=== Task goal ===
Please output exactly the part of the records below that opens with the line containing "楽しかったイベントでの特別な再会の画像" and closes with the line containing "Korean-Style Leopard Print", both lines included, and nothing else.

=== Record excerpts ===
☆ ☆ ☆

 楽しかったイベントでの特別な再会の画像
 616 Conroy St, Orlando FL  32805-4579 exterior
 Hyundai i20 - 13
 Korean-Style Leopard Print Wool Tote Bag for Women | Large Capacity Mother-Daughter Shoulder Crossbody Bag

☆ ☆ ☆

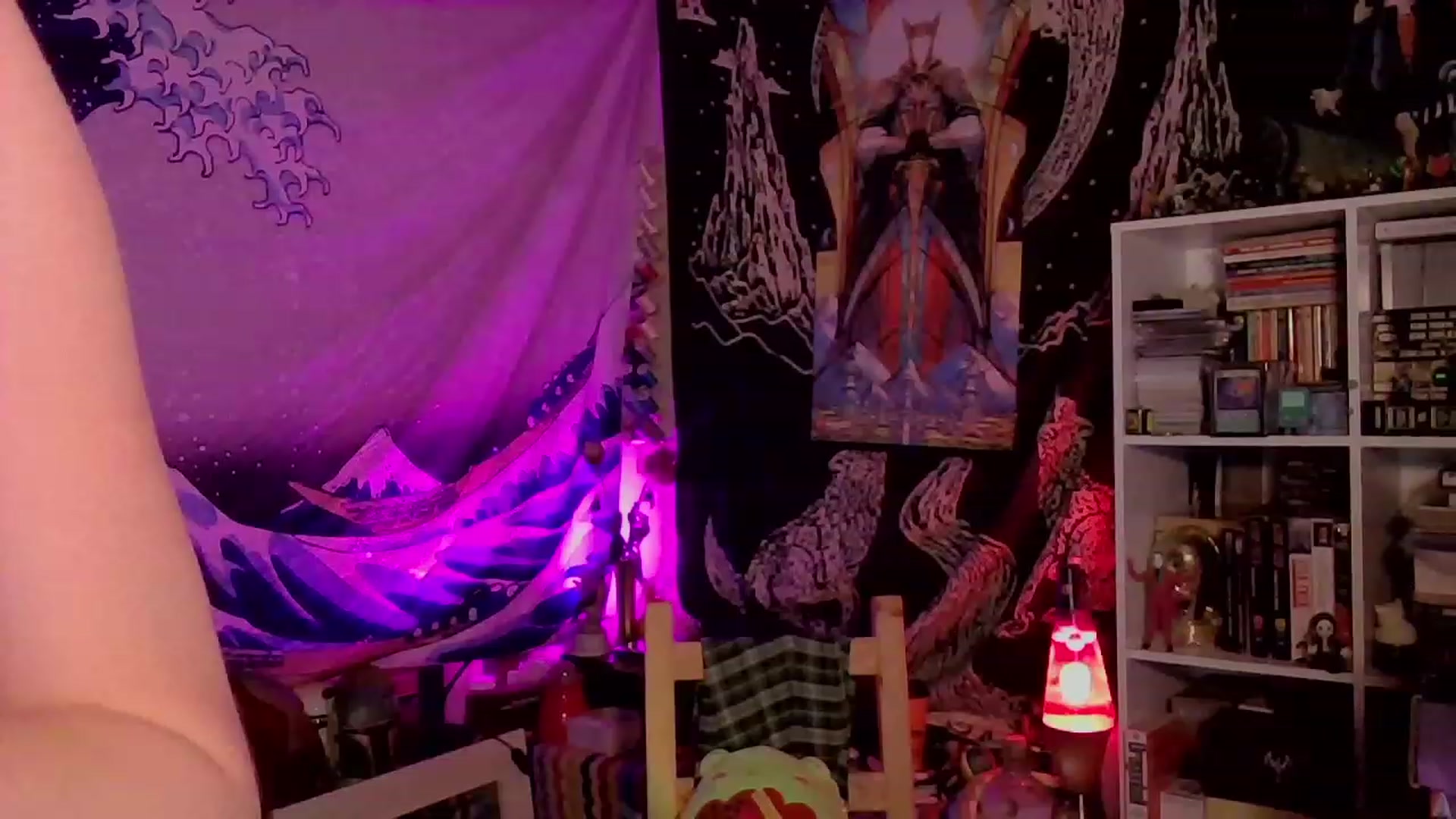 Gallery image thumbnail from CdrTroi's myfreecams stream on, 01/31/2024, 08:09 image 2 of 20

☆ ☆ ☆

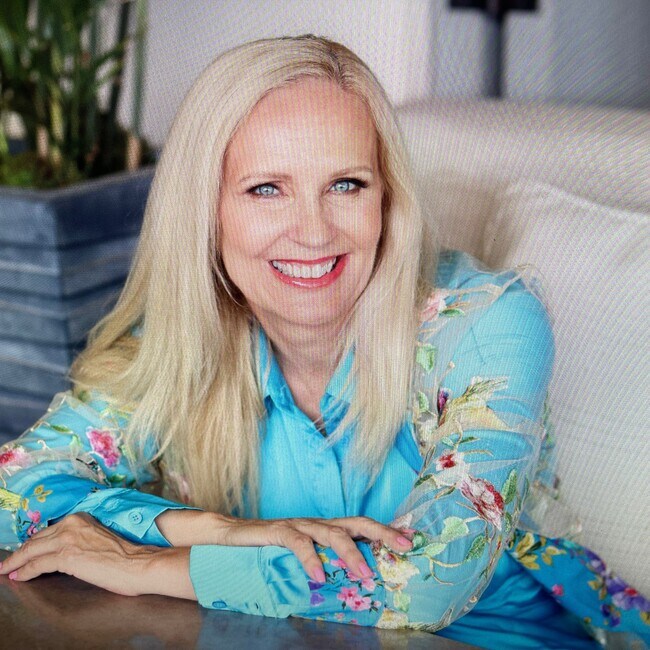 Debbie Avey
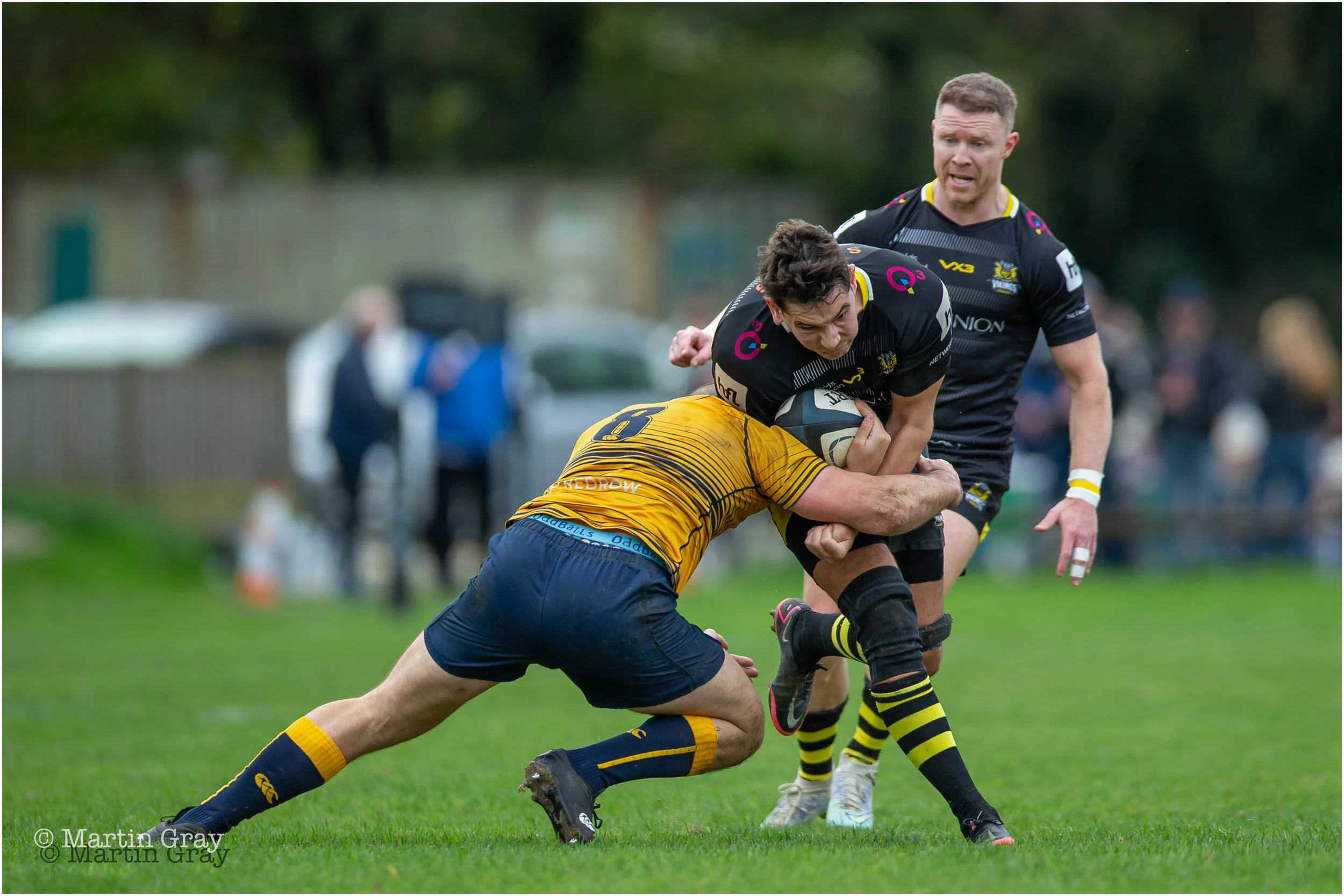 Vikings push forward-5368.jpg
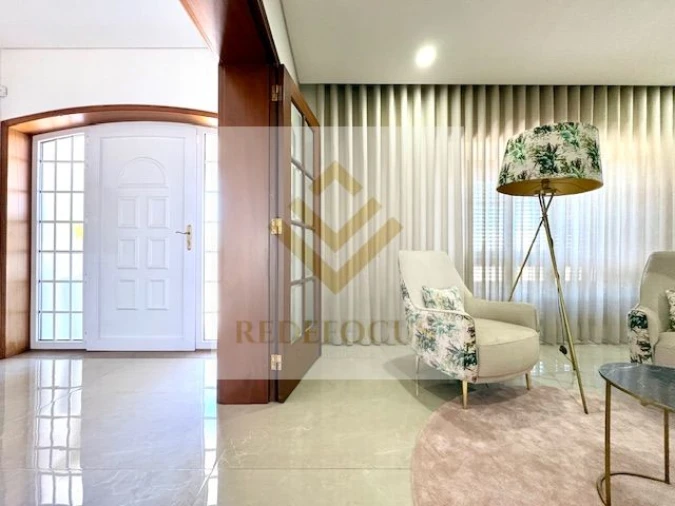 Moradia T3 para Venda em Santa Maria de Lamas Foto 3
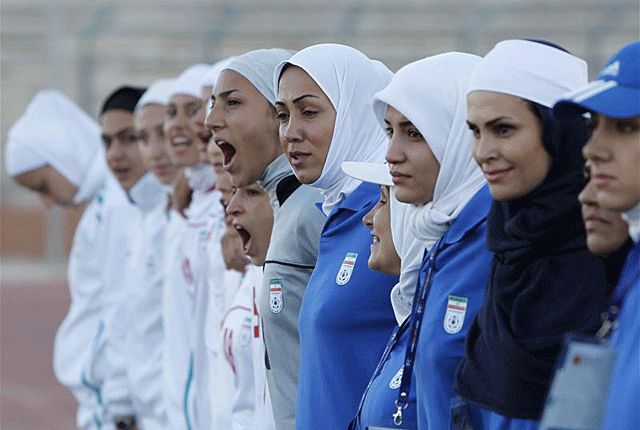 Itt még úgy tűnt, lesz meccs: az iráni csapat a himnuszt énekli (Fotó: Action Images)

☆ ☆ ☆

=== Exercise output ===
 楽しかったイベントでの特別な再会の画像
 616 Conroy St, Orlando FL  32805-4579 exterior
 Hyundai i20 - 13
 Korean-Style Leopard Print Wool Tote Bag for Women | Large Capacity Mother-Daughter Shoulder Crossbody Bag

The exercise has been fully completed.